Typically, in a hybrid polymerization system, free-radical and cationic polymerizations occur simultaneously to form an interpenetrating polymer network (IPN) [9,10,11]. IPNs often exhibit varying degrees of phase separation, which depends principally on the polymerization kinetics of the components and the compatibility of the employed polymers. The degree of phase separation and polymer incompatibility impact the overall performance of hybrid system, and large-scale phase separation is typically associated with a loss of performance (mechanical properties, interfacial adhesion, etc.) [12]. To improve and stabilize the interface between immiscible domains in a polymer mixture, a third component, with a chemical affinity for each initial polymer, can be added. This component can be a homopolymer [13,14,15] or a copolymer [16,17]. Due to the dual affinity for each domain, this species can migrate to the interface of a phase-separated polymer mixture and reinforce the biphasic interface by acting as a physical thread that binds the two phases together, and may even form a miscible blend [18,19], thus mitigating the reduced performance associated with gross incompatibility between domains.
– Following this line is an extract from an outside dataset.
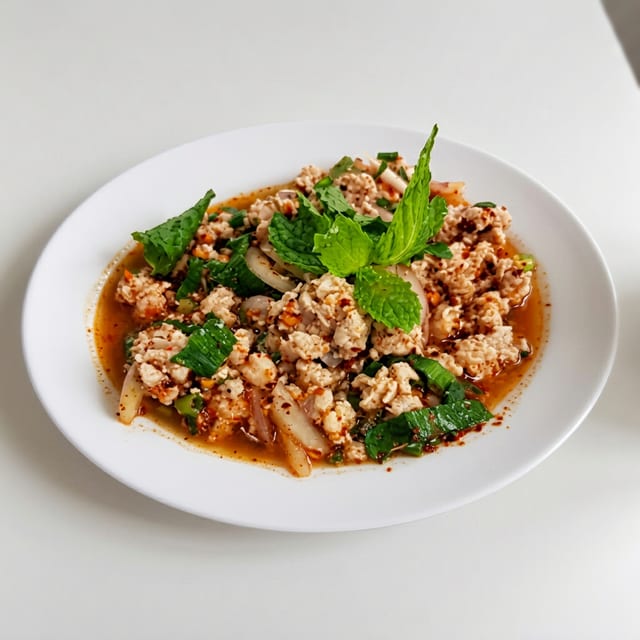 #13) Larb - Kai.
UV-cured IPNs of hybrid systems have been widely reported in the literature, and the kinetics of network formation, mechanical properties, and surface morphology are usually the parameters that are investigated [10,11,20,21,22]. In some applications, the control of surface morphology is important. This is particularly relevant for strategies to reduce the gloss of formed materials [3], as gloss reduction can be achieved through the generation of surface patterns. For example, UV-curable coatings can exhibit low gloss surfaces when random wrinkling at their surface arises after UV irradiation. Due to this effect, a large amount of work has been carried out on the fabrication of different surface patterns based on surface instabilities [3,23,24,25,26,27,28,29,30]. From these studies, it has been established that wrinkle formation on polymer surfaces can be obtained using different strategies. Here, we focus on utilizing a depthwise gradient in curing to create and control wrinkled surfaces. Basu et al. pioneered the comprehensive theory of wrinkle formation in gradient-crosslinked films [31]. Their work describes how an initially liquid coating develops a gradient in crosslinking during curing and, thus, the mechanical properties have an associated gradient [31]. This phenomenon is mainly explained by the decrease in the UV intensity throughout the depth of a coating [25,32]. The top layer is crosslinked to a larger extent than the bulk of the film and, thus, behaves like a solid skin. Upon further crosslinking of the foundation, the stress produced in the bulk develops and stabilizes the wrinkle formation [33,34].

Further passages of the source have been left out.